Is this really how the future's going to be ? Well, the time is ripe, let's put it that way. Just as Pulp were the perfect band to capture the mid-decade optimism of 1995, so The Prodigy are ideally suited to reflect the chaos that's recently afflicted Britain's Strangest Festival. WE still don't know the real reason why Glasto was shelved last year and, now that Michael Eavis has failed to become an MP, the centre for ley-line lunacy and all-round hippy mayhem is shaping up to become a seething mass of pre-millenium tension.
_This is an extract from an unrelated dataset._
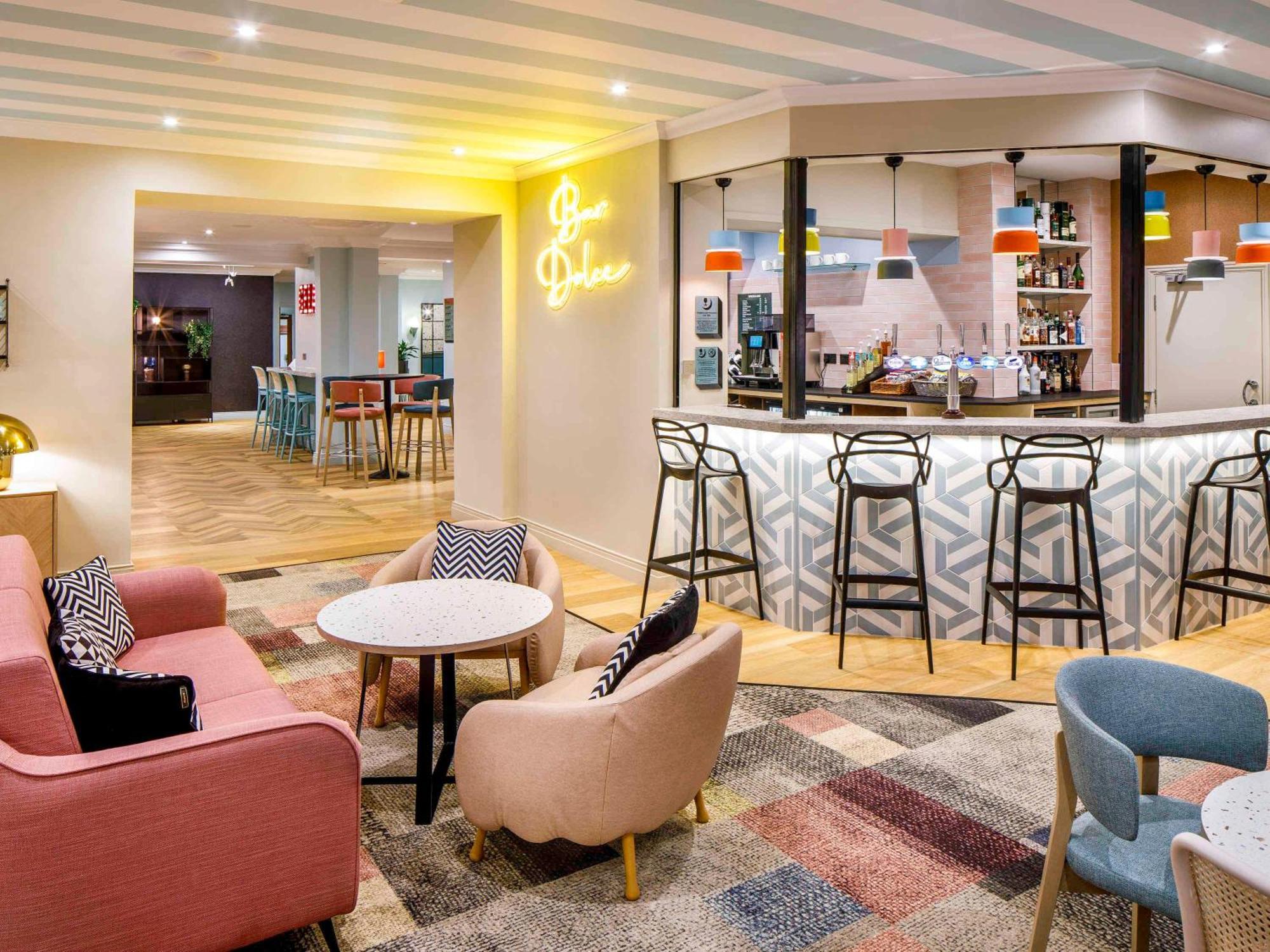 Ibis Styles Bournemouth Hotel Bagian luar foto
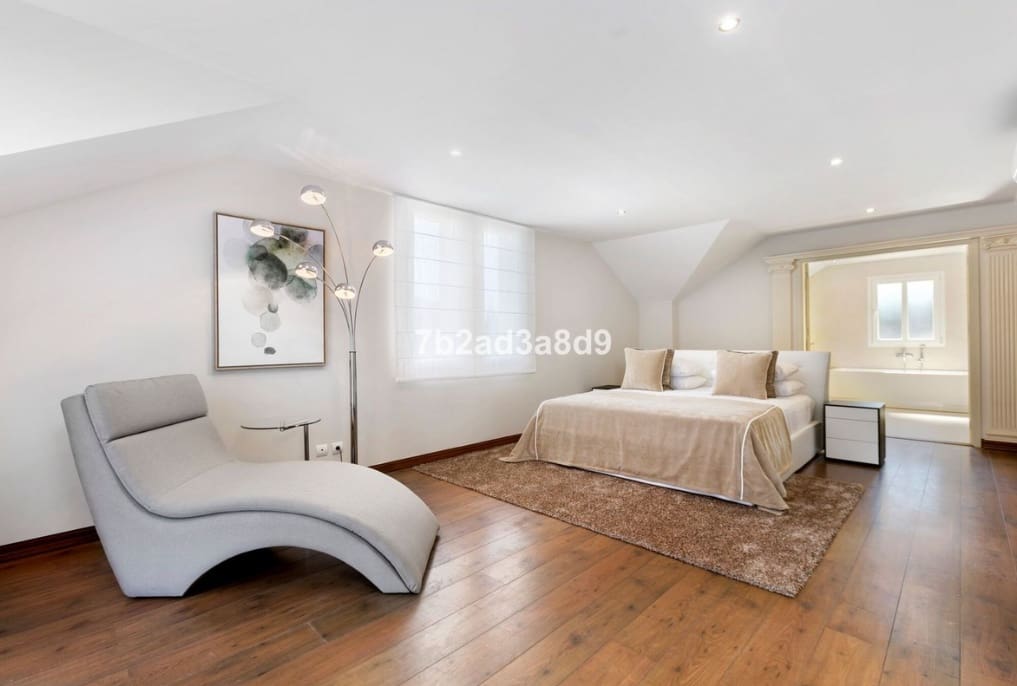 6 sovrum Villa till salu i Sotogrande med pool garage - 1 550 000 € (Ref: 9616346)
So, The Prodigy's appearance at Madrid's aptly named Festimad - and yes kids, it's bonkers with a side order of barking to go - assumes an added significance as a Glastonbury warm-up. And, watching 100000 Spaniards go doolally in a space the size of the Pyramid field, you feel one overwhelming emotion : fear. This is the first time the locals have managed to freak out and show their appreciation since "Breathe" was Number One for nine weeks in Spain, and there are going to be plenty of post-"Firestarter" fans in the UK who feel the same. If not more so.
Here's what to expect, then. Somewhere in the distance, four little mini Prodigy blokeswill be bouncing around like hyperactive munchkins, almost out of reach and out of sight. You'll be able to spot Keith, of course, as he'll be wearing the same yellow "Dirty Dozen" T-shirt he's been wearing for the past year (a gift from an Australian female 10-pin bowling team, apparently).
And Leeroy will always be head and shoulders above most performers, literally. But, if you're after the visual extravagance of the previous tour, then forget it. This is the raw experience.
Not that Liam and chums will appear any less vital and energising. The electricity surging from the stage and zipping through the crowd will make sure that theirs is one hour and a half that passes by in a thrashing, delirious daze. Tonight, each time the percussion kicks in and the big beats start raining down on the faithful like fire and brimstone, you can sense a collective buzz that's bigger than a mere Big Pop encounter. Even the language barrier makes no difference. Maxim's exhortations to "MOVE AROUND" may fall on uncomprehending ears but, as soon as the groove starts, the message is rammed home loud and clear. Time to give up and lose it.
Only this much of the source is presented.